Directions: Everything in the listing below has to be repeated exactly, except the pictures.

Dataset section:

○ ○ ○ ○

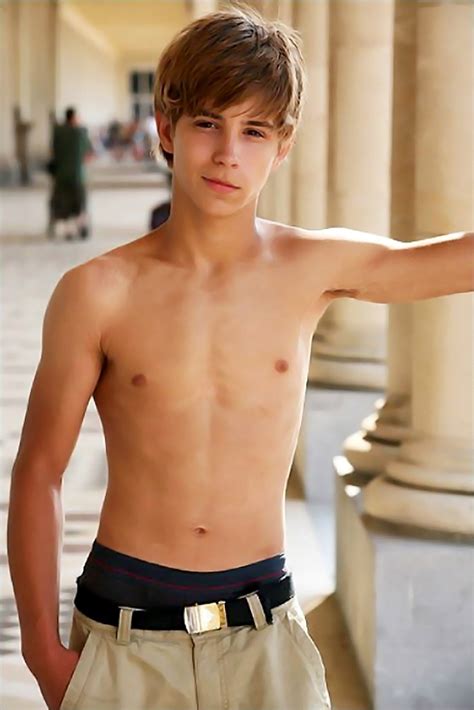 See more ideas about cute 13 year old boys, 13 year old boys, old boys. HANDSOME BOYS CLUB: Shirtless Pretty Young Boys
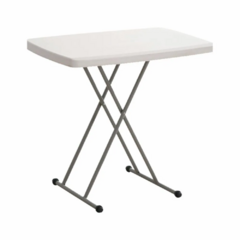 MESA NAUTIKA ROBUST 80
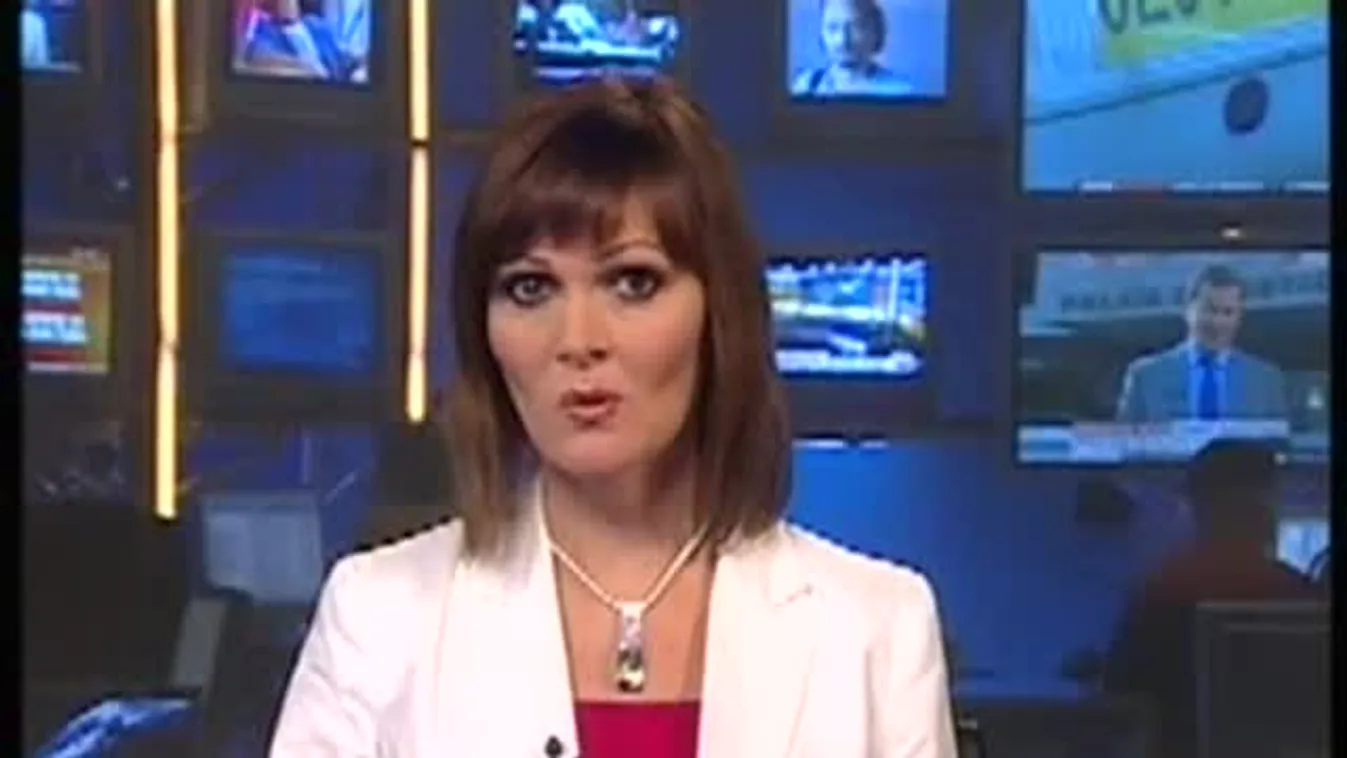 Orbán: Egy jó megállapodáson dolgozunk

○ ○ ○ ○

Answer space:
 See more ideas about cute 13 year old boys, 13 year old boys, old boys. HANDSOME BOYS CLUB: Shirtless Pretty Young Boys
 MESA NAUTIKA ROBUST 80
 Orbán: Egy jó megállapodáson dolgozunk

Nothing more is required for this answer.